They are the ones to readily believe everything about glories of the past now that they have a job and flat (spent most of their life in acquiring those*). Access to internet led to social media, rather than any critical analysis. The Indian media became such that no one believes it anymore.

What I see on Twitter from this group are the common emotional behaviours they had while growing up. They haven’t had a chance to grow up from that and feel security in their bones.

*btw, I am proud of them for their single minded focus to achieve that economic stability given where they started. But it is unkind to think they should’ve focused on the country at a time when there was strict rationing of food at home and enormous pressure to perform well enough for good EAMCET rank/engineering/IT job.

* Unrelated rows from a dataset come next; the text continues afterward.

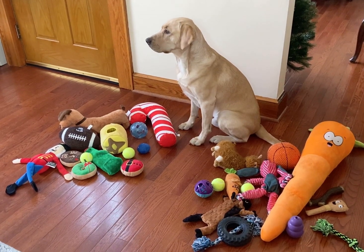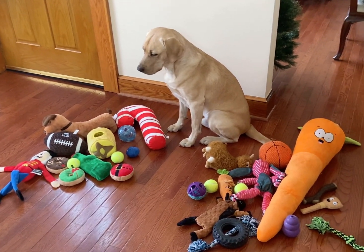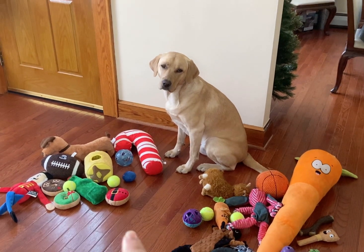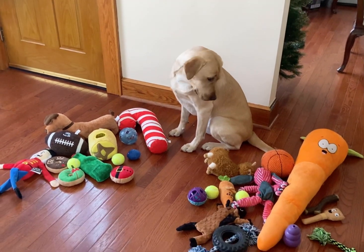Hello, everybody. Welcome to another Daily Dog Challenge with Finn. Finn needs some help adding up all his toys. On this side, he has all his old toys, and over there are all his new toys that he got for Christmas. So he would like to know how many toys he has all together.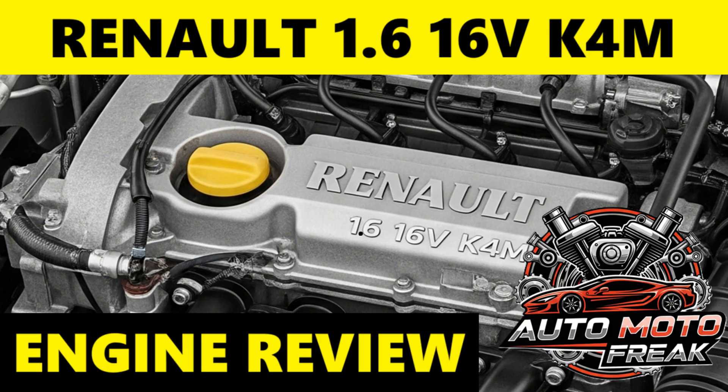Fuel consumption for the 1.6 K4M varies depending on the vehicle, driving conditions, and individual driving style. For instance, in a Renault Megane 1.6 16V 110hp, real-world combined fuel consumption is often reported around 5.8 liters per 100 kilometers (40.6 mpg US / 48.7 mpg UK), with urban consumption closer to 8.2 liters per 100 kilometers (28.7 mpg US / 34.4 mpg UK). On highways, it can improve to around 6.9 liters per 100 kilometers (34.1 mpg US / 40.9 mpg UK). These figures can be higher or lower based on specific models and driving habits.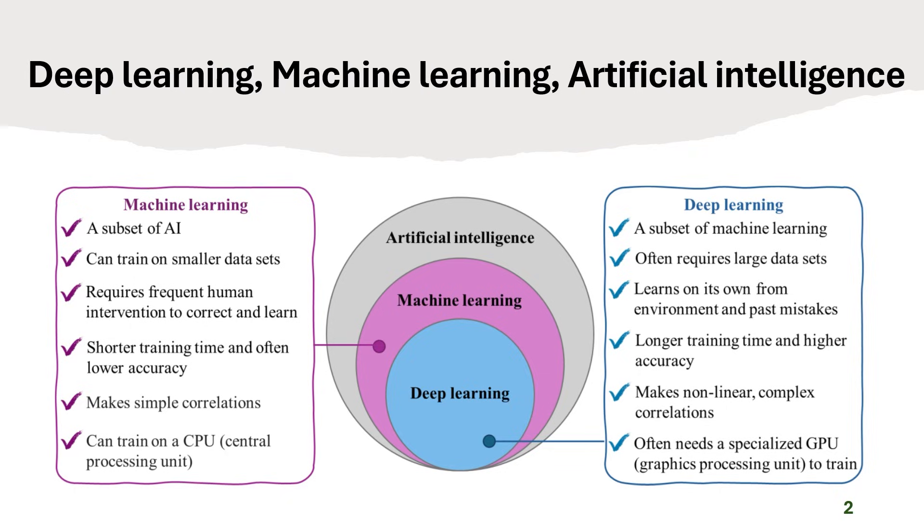Deep learning is a subset of machine learning that leverages large datasets and learns hierarchical features automatically. It captures non-linear, multi-dimensional relationships essential for modeling complex additive manufacturing phenomena, such as melt pool instabilities, defect formation mechanisms, and microstructure evolution. Although deep learning requires more training time and GPU resources, it achieves significantly higher accuracy and can uncover hidden correlations that traditional ML misses.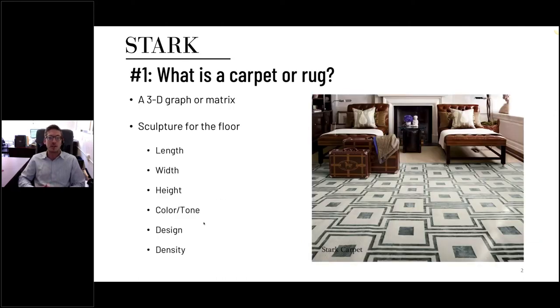It's always important to start by defining what a carpet or rug is. Oftentimes people think of carpets and rugs as two-dimensional, like a picture. But in reality it's 3D because you have the length and the width, but you also have the depth. We like to think of rugs more as sculptures for the floor than pictures for your wall, because the density controls how tightly knit the design is, and the design itself, colors, and tone all impact the final appearance.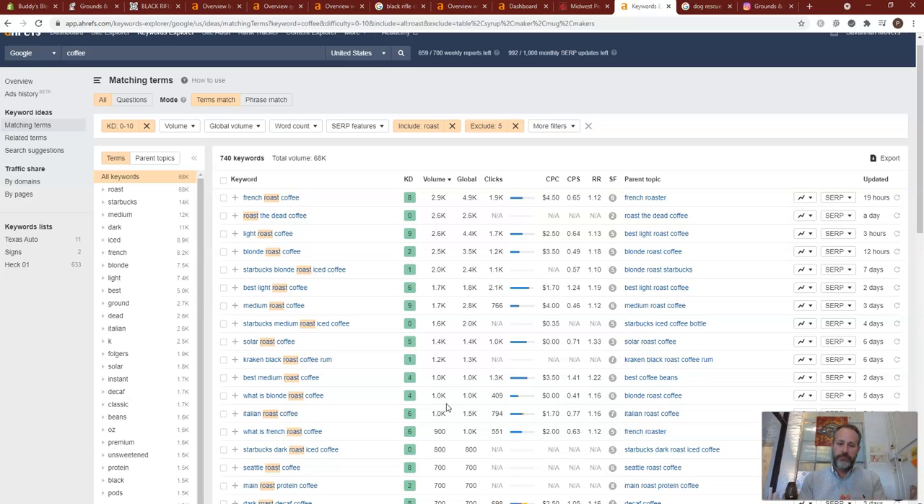Keyword difficulty is ranked on a zero-to-ten scale. A zero to 5 KD — you can expect to rank within about three months. Six to 10 KD takes another three to six months. The higher that KD is, the longer the time period you have to do SEO to build up to that rank, and then you have to maintain that rank.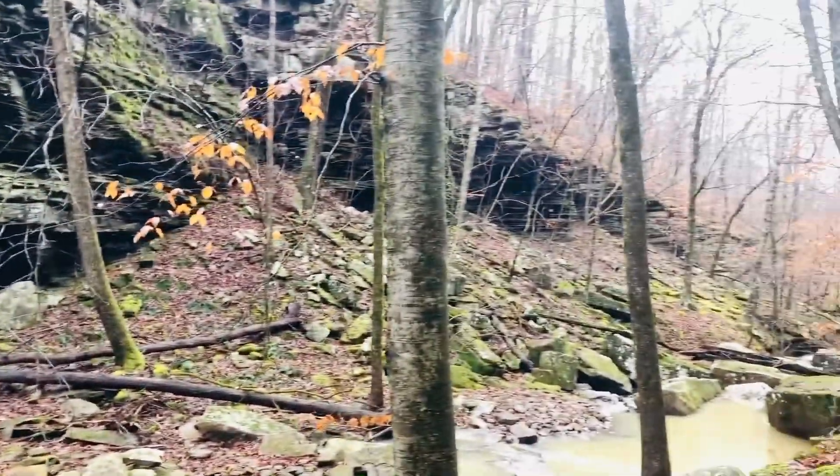Man, I so would have been in trouble trying to climb down that. Or this.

And crushing joblessness in late 80s/early 90s (until COBOL craze for Y2K) where unemployment trope had it’s own comedy genre.

froginthewell
froginthewell
3 years ago
Reply to  Numinous

Because my class of people are THE backbone of the Hindu right today.

I presume you are a Brahmin and you mean that by “class”. With that assumption, I don’t agree with the above comment at all: a larger percentage of Brahmins may well vote Hindu Right than the other jAti-s, but that cannot make them the backbone of anything because they are too few in their share of the total population. On the other hand, I think a portion of (atheist beef-eating) Brahmins may have a greater claim to be the backbone of the anti-Hindu left, the demographic irrelevance being counterbalanced by their collective and distributed sUtra-dhAratva of the great political drama. Ditto if you replace Brahmins by Brahmins + some so called “ritualistically privileged” jAti-s.

Numinous
Numinous
3 years ago
Reply to  Numinous

@froginthewell

No, I was not talking about Brahmins. I’ve never been part of a Brahmin “community” anyway, if you discount extended family get togethers. I was simply referring to the Hindu middle class as I knew it and still know it to some extent. Primarily based in north India. Some of them may be Brahmins, others not, but they all share the characteristics you listed earlier. (I have almost zero caste consciousness. I wouldn’t be able to tell you the castes of most of my friends from school onwards.) In addition, lots of them have some “foreign links”, family members who went abroad to study or work and who may still live there.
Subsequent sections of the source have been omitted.